| 23.04.2019

Hanken attracts top international professors and doctors

A new study indicates that Hanken attracts top international professors and non-Hanken-doctors, who have top research productivity.

The highest-circulation newspaper in Finland, Helsingin Sanomat, reported on April 22nd about a new study that identifies and ranks top 10 professors Opens in new window in different scientific fields in terms of their research productivity, from among professors employed by universities in Finland.

In the new study, the following Hanken professors appear in top 10 of their respective fields:

Ari Hyytinen, Economics
Bo-Christer Björk, Business Economics (Information systems)
David Grant, Business Economics (Industrial economics/logistics)
Janne Tienari, Management
Joakim Vincent, Management

All the above top-ranking professors are either international or have a doctor’s degree from somewhere else than Hanken. On the lists of all top10 professors reported in the study (as employed by all universities in Finland), Grant and Vincent are the only non-Finnish professors on the lists for Economics, Business Economics, and Management. This indicates that Hanken provides an attractive research environment for top international professors as well as for top scholars who have received their PhD from elsewhere than Hanken.

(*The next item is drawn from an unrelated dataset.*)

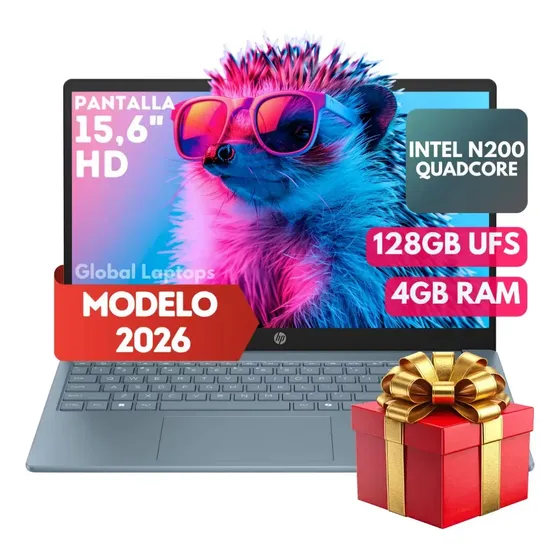 Hp Azul Pentium N200 128gb Ufs 4gb Ram Tela 15.6 Hd Intel Uhd Graphics inclui Windows 11 instalado Blue Fd0082 Com Presente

The ranking is based on so called h index of research productivity, which indicates the number X of such publications of the professor, which have been cited at least an equal amount of X times by other scholars/publications worldwide. In other words, if a professor has 50 publications, and 30 of them have been cited at least 30 times each (while the rest of the publications have been cited fewer than 30 times each), the professor’s h index becomes 30.

Disclaimer. It should be noted that there are significant limitations to using the h index in ranking professors. Firstly, the h index does not take into account the quality level of the publication outlets/journals in which the scholar has published. Secondly, the h index favors senior professors with longer careers over less senior professors and professors who have had career breaks, because the publications of more senior professors have “had more time” to accumulate more citations over years.